▶ [Prompt]: Copy out the data below from the line containing "Lot Herman Miller" to the line containing "Retail Space on Great South Road", both lines included, with all images left out.

▶ [Material for this task]:
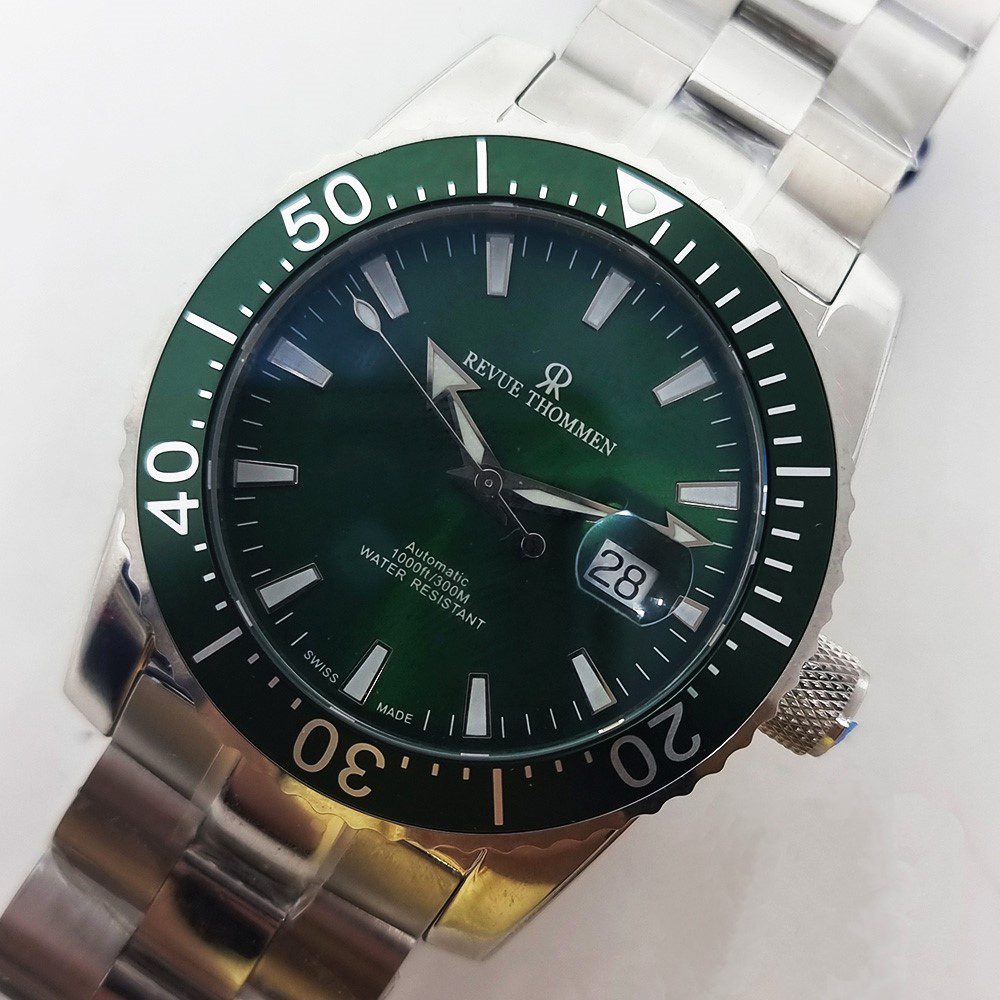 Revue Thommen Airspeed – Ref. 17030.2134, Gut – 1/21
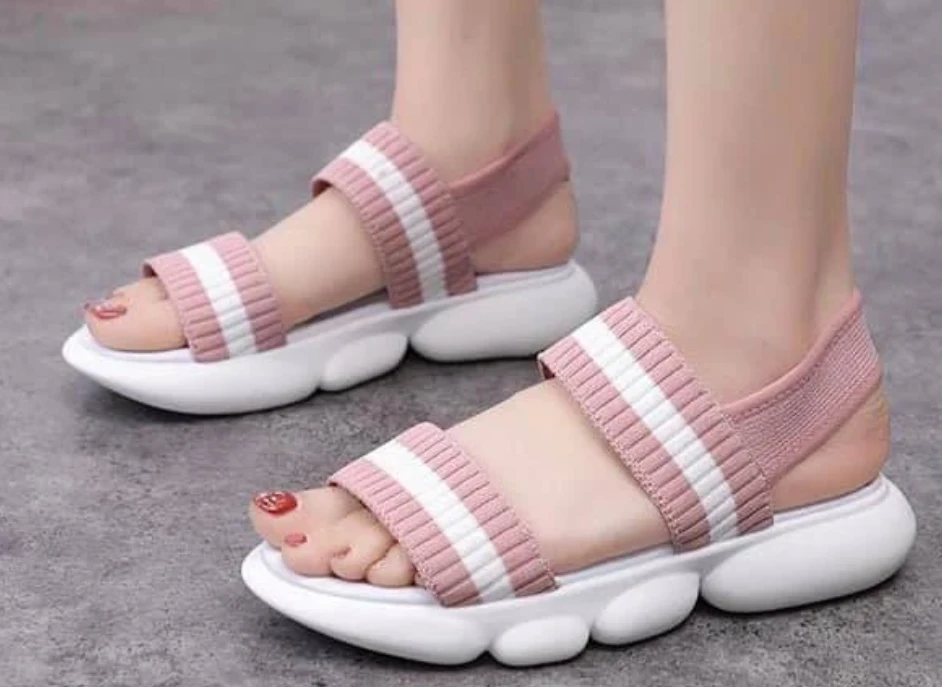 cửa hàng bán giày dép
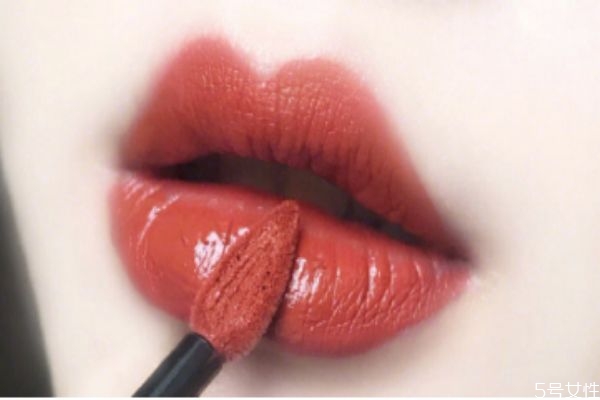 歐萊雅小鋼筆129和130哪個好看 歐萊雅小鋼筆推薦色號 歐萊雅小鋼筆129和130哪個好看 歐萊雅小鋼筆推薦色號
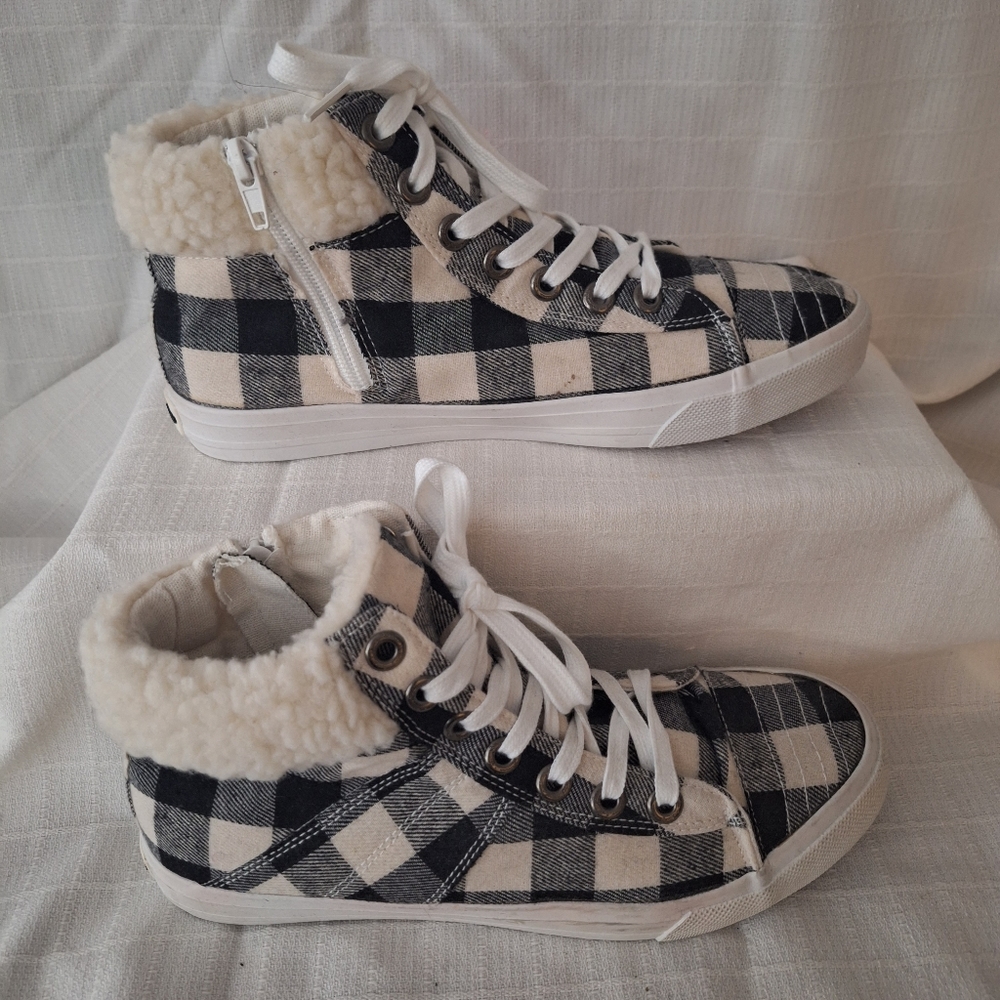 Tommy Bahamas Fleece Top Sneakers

* * *

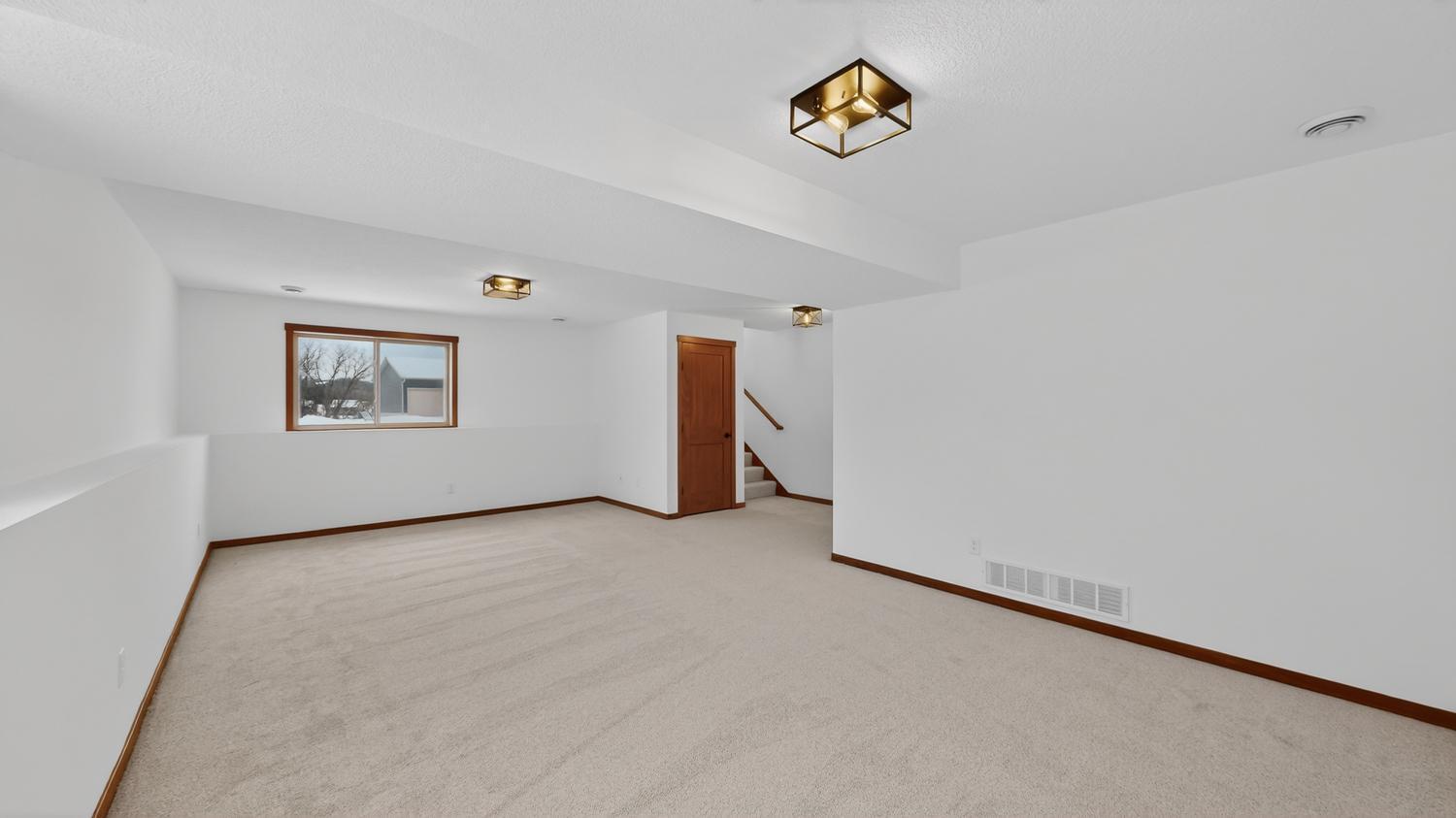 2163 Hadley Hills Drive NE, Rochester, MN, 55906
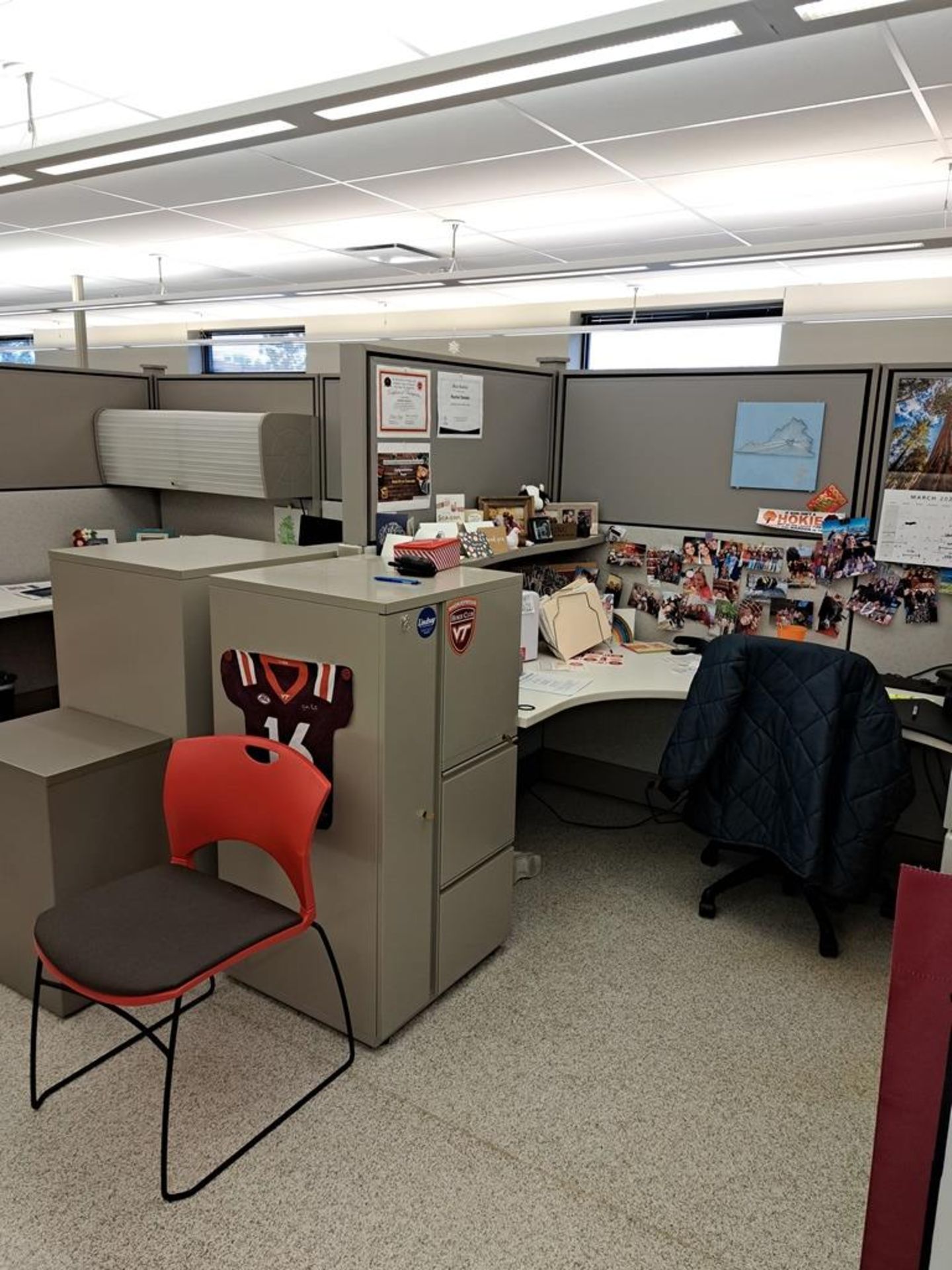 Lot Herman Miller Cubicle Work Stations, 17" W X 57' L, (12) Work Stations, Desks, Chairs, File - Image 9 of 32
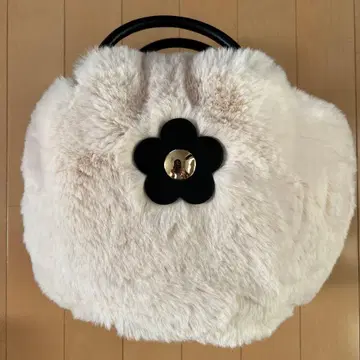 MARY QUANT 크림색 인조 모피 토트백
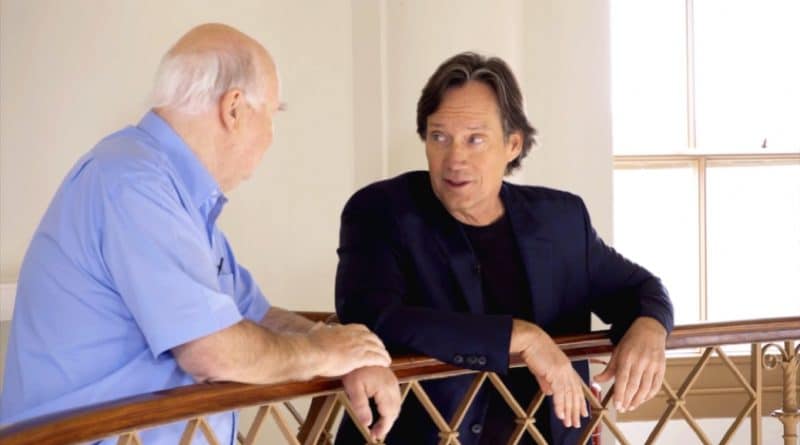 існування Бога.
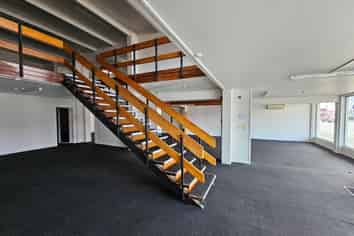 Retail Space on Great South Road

...

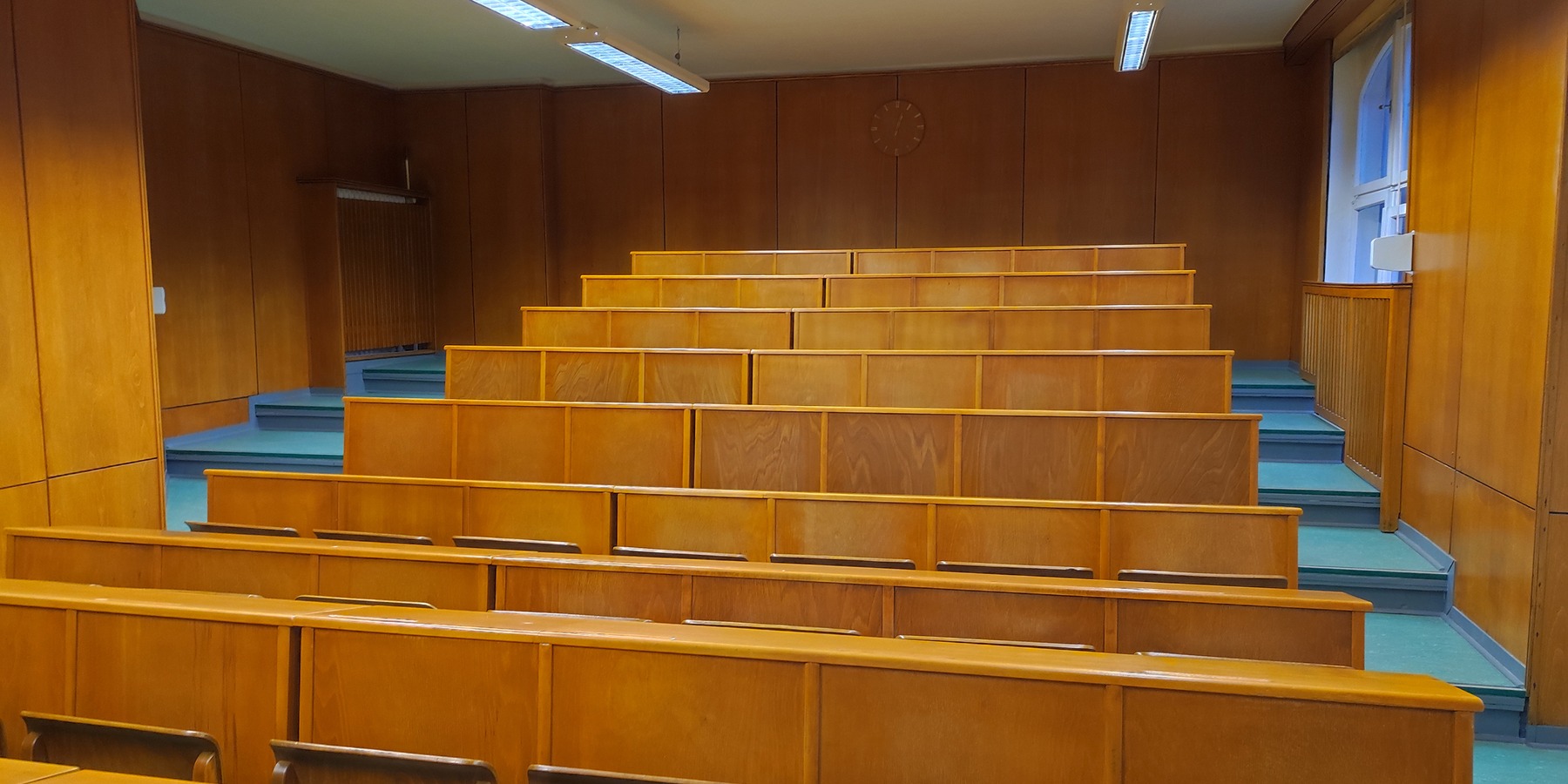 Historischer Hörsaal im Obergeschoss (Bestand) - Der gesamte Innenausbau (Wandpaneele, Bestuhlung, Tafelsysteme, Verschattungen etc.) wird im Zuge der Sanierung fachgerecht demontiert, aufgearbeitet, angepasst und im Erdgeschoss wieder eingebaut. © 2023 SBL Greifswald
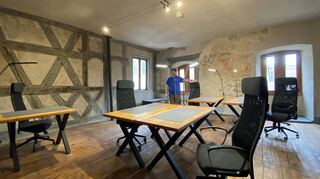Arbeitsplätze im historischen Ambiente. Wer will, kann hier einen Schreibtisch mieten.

▶ [Solved problem]:
 Lot Herman Miller Cubicle Work Stations, 17" W X 57' L, (12) Work Stations, Desks, Chairs, File - Image 9 of 32
 MARY QUANT 크림색 인조 모피 토트백
 існування Бога.
 Retail Space on Great South Road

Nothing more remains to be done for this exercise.